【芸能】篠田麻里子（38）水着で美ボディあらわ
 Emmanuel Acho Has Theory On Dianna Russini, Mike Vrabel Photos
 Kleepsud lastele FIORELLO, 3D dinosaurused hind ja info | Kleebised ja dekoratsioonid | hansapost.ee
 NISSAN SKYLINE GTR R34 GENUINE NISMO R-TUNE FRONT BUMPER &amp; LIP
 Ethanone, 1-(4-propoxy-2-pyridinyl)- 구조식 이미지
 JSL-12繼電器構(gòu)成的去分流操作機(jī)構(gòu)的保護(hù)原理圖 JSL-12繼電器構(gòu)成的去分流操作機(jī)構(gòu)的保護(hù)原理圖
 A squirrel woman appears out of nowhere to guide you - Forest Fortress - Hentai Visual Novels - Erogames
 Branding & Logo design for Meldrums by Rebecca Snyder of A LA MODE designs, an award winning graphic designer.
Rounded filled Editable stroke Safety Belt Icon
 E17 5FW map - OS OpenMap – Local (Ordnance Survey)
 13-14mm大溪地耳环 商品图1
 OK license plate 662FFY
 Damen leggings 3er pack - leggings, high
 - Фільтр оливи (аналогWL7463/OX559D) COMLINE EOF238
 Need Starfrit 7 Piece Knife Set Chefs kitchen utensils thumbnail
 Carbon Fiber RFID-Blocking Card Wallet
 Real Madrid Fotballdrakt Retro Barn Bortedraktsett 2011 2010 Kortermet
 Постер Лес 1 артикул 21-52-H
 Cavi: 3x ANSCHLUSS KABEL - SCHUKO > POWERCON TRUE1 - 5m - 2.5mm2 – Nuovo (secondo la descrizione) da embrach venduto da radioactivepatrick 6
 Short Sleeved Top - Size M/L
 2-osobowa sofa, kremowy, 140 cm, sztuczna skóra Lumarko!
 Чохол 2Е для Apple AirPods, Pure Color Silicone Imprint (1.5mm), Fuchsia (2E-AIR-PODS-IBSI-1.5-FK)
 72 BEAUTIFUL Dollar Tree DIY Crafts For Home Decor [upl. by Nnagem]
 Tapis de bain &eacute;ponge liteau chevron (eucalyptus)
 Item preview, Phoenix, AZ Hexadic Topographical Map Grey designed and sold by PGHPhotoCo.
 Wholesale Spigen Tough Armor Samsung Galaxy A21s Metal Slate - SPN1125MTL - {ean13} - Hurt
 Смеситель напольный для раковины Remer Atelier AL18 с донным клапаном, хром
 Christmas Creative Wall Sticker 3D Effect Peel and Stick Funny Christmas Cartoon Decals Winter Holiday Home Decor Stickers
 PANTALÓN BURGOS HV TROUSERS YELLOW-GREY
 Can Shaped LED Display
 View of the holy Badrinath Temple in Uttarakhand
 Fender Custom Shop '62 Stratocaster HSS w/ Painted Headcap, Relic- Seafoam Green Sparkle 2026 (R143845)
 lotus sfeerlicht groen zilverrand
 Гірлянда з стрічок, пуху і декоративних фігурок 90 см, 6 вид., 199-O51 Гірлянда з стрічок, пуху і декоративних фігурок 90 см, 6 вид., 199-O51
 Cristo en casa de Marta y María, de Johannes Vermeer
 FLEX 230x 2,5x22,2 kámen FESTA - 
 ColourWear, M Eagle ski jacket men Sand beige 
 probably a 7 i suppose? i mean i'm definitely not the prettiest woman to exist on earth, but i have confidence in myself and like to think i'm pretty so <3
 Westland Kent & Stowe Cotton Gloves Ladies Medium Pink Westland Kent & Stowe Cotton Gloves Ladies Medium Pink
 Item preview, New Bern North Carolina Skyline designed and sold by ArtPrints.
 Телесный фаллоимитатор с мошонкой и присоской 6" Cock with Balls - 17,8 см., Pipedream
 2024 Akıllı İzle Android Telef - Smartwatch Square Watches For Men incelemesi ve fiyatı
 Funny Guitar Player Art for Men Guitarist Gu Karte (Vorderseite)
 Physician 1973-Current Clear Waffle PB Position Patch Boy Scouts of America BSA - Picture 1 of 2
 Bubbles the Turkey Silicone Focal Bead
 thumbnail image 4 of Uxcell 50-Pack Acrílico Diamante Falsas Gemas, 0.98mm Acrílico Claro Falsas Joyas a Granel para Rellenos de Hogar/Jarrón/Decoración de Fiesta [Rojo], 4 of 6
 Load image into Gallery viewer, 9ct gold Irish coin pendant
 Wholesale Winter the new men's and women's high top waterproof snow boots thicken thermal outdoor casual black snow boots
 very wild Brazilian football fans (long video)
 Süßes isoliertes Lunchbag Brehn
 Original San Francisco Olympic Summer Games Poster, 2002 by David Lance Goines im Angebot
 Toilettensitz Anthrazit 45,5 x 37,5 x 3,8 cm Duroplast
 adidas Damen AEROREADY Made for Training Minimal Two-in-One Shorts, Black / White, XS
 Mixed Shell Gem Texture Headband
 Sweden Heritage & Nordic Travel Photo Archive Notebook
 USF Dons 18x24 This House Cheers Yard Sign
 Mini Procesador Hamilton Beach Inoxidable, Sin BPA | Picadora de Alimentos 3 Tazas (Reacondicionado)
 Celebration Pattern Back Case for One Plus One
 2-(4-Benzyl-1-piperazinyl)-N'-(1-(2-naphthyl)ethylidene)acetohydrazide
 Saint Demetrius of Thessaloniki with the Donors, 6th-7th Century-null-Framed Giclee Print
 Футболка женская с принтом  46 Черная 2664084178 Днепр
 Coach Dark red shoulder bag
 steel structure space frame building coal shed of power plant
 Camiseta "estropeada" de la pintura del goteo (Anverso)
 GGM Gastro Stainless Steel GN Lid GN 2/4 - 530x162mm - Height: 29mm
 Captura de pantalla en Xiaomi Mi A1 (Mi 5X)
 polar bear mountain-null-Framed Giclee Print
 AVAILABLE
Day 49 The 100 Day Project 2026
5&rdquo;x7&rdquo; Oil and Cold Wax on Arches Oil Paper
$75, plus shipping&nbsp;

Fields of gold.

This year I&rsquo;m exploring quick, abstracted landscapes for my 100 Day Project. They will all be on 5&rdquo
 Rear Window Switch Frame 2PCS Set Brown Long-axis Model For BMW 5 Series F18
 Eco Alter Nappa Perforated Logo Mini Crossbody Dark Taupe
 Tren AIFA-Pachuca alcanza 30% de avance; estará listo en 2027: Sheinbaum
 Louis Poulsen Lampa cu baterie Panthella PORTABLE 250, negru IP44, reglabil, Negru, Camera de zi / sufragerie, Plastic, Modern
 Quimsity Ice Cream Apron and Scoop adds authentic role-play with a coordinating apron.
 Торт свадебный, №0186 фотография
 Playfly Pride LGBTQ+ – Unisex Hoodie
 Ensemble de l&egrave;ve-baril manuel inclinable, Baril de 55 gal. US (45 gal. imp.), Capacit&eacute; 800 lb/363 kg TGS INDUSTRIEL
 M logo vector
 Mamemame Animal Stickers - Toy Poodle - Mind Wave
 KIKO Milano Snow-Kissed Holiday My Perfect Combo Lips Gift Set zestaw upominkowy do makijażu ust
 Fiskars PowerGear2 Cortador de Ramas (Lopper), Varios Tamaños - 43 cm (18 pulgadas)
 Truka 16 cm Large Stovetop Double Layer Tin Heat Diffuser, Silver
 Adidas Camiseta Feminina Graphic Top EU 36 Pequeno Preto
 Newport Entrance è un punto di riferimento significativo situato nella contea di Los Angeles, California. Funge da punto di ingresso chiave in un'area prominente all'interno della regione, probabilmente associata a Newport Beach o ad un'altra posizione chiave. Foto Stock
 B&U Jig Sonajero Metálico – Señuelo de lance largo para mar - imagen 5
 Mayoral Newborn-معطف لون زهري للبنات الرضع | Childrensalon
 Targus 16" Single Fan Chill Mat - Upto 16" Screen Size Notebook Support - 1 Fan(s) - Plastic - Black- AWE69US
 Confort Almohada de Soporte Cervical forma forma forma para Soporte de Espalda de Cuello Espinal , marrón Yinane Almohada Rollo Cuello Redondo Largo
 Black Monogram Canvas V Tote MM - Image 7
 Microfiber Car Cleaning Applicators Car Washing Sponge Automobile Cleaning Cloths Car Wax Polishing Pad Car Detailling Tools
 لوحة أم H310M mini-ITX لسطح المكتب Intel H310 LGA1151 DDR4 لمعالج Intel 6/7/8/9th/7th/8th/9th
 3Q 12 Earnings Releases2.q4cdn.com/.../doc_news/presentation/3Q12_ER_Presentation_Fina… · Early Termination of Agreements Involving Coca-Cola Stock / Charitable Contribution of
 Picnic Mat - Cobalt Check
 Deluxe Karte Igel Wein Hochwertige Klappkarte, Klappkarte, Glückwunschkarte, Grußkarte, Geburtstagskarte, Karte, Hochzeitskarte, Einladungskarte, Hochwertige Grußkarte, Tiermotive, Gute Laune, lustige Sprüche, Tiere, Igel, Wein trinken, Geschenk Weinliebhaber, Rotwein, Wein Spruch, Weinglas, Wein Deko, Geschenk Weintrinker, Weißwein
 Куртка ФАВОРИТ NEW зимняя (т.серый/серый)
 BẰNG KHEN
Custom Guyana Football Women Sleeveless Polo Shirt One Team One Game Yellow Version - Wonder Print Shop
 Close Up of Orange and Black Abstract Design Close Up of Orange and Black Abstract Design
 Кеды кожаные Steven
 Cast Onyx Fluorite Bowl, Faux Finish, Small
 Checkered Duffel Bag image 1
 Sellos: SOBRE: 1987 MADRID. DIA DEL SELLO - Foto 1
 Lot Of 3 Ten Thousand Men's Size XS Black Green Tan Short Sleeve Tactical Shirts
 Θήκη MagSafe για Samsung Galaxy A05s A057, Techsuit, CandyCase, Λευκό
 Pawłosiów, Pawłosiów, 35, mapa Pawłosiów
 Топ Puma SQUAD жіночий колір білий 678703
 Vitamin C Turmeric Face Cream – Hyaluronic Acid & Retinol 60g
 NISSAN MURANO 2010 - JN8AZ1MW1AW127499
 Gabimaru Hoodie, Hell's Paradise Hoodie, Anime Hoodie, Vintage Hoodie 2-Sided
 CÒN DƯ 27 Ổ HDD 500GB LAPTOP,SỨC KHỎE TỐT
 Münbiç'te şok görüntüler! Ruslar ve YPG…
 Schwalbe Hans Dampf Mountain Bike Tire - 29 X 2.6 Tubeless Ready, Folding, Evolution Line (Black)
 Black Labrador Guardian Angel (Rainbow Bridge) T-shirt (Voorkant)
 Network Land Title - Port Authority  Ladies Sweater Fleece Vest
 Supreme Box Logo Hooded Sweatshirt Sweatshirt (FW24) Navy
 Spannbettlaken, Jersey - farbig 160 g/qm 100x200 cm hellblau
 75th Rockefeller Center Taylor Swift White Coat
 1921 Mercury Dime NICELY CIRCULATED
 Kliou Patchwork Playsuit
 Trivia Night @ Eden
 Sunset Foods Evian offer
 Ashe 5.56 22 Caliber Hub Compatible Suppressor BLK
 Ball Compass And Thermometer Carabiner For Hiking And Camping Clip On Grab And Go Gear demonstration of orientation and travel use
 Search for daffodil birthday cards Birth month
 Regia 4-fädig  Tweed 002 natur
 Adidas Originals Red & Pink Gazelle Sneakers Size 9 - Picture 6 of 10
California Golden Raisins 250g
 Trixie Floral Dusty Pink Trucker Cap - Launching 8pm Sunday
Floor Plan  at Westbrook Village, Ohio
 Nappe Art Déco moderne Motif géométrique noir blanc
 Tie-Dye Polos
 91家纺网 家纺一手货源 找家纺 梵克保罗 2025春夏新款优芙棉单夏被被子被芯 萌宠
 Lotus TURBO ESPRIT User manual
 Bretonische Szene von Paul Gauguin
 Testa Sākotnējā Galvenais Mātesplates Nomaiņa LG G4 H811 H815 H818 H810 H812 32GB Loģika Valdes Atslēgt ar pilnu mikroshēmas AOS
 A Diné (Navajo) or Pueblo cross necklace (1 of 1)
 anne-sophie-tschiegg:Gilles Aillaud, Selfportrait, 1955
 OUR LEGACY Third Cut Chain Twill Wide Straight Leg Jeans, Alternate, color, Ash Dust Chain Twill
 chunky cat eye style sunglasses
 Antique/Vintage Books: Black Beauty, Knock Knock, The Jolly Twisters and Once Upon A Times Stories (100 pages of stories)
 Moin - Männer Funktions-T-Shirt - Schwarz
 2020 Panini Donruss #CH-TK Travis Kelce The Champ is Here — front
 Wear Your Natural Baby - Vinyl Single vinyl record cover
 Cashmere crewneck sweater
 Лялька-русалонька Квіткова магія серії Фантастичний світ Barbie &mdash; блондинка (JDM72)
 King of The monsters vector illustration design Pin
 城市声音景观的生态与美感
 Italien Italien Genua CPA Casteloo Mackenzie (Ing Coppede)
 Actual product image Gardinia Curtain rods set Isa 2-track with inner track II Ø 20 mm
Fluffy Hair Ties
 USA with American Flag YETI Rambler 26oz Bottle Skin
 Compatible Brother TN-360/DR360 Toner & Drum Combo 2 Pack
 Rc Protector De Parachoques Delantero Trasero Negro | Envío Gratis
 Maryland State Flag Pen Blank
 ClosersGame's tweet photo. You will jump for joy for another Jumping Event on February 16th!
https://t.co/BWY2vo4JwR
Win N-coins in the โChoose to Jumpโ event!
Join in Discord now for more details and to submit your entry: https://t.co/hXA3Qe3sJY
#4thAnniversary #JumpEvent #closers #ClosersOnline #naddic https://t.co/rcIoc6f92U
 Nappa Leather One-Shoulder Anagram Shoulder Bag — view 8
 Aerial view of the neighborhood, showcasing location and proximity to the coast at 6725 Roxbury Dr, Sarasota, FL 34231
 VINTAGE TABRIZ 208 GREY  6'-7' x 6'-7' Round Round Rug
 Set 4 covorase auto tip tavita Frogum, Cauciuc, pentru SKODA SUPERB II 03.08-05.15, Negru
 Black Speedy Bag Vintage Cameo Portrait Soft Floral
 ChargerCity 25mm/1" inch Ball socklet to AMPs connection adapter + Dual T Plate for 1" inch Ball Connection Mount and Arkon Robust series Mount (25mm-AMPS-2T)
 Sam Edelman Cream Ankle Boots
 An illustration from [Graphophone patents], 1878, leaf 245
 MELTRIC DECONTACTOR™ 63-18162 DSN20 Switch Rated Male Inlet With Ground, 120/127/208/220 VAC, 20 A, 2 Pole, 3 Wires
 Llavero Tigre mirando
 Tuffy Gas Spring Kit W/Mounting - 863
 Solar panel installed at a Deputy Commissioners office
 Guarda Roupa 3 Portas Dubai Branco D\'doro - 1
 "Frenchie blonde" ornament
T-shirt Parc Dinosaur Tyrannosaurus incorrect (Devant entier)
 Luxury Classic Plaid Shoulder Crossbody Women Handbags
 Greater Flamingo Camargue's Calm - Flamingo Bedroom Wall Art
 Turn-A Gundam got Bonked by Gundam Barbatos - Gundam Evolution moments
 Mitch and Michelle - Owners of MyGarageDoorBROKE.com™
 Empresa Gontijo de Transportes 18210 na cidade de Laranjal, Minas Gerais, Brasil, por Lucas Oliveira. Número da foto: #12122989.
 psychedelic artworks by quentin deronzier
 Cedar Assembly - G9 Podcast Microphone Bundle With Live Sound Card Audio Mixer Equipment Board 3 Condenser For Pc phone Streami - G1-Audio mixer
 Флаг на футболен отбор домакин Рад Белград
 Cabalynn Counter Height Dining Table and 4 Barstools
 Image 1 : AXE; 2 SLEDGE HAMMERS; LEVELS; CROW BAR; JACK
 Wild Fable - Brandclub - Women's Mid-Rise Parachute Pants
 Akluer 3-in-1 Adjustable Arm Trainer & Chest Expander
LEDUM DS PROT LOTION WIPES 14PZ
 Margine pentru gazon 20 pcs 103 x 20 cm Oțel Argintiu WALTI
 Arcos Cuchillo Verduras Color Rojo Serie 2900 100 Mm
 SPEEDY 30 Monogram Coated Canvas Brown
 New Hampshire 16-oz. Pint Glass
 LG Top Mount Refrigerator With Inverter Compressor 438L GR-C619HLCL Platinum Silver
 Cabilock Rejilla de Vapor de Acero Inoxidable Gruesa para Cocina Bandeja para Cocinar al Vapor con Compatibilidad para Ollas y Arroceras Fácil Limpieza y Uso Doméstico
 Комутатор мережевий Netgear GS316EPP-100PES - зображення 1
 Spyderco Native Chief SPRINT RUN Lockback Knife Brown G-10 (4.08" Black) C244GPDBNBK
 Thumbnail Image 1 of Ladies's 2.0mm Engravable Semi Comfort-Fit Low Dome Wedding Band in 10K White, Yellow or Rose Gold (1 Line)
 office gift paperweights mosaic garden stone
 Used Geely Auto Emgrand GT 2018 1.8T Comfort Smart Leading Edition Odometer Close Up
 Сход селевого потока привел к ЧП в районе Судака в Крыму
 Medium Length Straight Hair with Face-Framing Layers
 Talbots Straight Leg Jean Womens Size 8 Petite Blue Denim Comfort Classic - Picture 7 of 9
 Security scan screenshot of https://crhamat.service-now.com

******

EXERCISE: Could you return, word for word, only the lines running from the first line of the material above to the line that contains "Fender Custom Shop", inclusive?

FINISHED EXERCISE:
【芸能】篠田麻里子（38）水着で美ボディあらわ
 Emmanuel Acho Has Theory On Dianna Russini, Mike Vrabel Photos
 Kleepsud lastele FIORELLO, 3D dinosaurused hind ja info | Kleebised ja dekoratsioonid | hansapost.ee
 NISSAN SKYLINE GTR R34 GENUINE NISMO R-TUNE FRONT BUMPER &amp; LIP
 Ethanone, 1-(4-propoxy-2-pyridinyl)- 구조식 이미지
 JSL-12繼電器構(gòu)成的去分流操作機(jī)構(gòu)的保護(hù)原理圖 JSL-12繼電器構(gòu)成的去分流操作機(jī)構(gòu)的保護(hù)原理圖
 A squirrel woman appears out of nowhere to guide you - Forest Fortress - Hentai Visual Novels - Erogames
 Branding & Logo design for Meldrums by Rebecca Snyder of A LA MODE designs, an award winning graphic designer.
Rounded filled Editable stroke Safety Belt Icon
 E17 5FW map - OS OpenMap – Local (Ordnance Survey)
 13-14mm大溪地耳环 商品图1
 OK license plate 662FFY
 Damen leggings 3er pack - leggings, high
 - Фільтр оливи (аналогWL7463/OX559D) COMLINE EOF238
 Need Starfrit 7 Piece Knife Set Chefs kitchen utensils thumbnail
 Carbon Fiber RFID-Blocking Card Wallet
 Real Madrid Fotballdrakt Retro Barn Bortedraktsett 2011 2010 Kortermet
 Постер Лес 1 артикул 21-52-H
 Cavi: 3x ANSCHLUSS KABEL - SCHUKO > POWERCON TRUE1 - 5m - 2.5mm2 – Nuovo (secondo la descrizione) da embrach venduto da radioactivepatrick 6
 Short Sleeved Top - Size M/L
 2-osobowa sofa, kremowy, 140 cm, sztuczna skóra Lumarko!
 Чохол 2Е для Apple AirPods, Pure Color Silicone Imprint (1.5mm), Fuchsia (2E-AIR-PODS-IBSI-1.5-FK)
 72 BEAUTIFUL Dollar Tree DIY Crafts For Home Decor [upl. by Nnagem]
 Tapis de bain &eacute;ponge liteau chevron (eucalyptus)
 Item preview, Phoenix, AZ Hexadic Topographical Map Grey designed and sold by PGHPhotoCo.
 Wholesale Spigen Tough Armor Samsung Galaxy A21s Metal Slate - SPN1125MTL - {ean13} - Hurt
 Смеситель напольный для раковины Remer Atelier AL18 с донным клапаном, хром
 Christmas Creative Wall Sticker 3D Effect Peel and Stick Funny Christmas Cartoon Decals Winter Holiday Home Decor Stickers
 PANTALÓN BURGOS HV TROUSERS YELLOW-GREY
 Can Shaped LED Display
 View of the holy Badrinath Temple in Uttarakhand
 Fender Custom Shop '62 Stratocaster HSS w/ Painted Headcap, Relic- Seafoam Green Sparkle 2026 (R143845)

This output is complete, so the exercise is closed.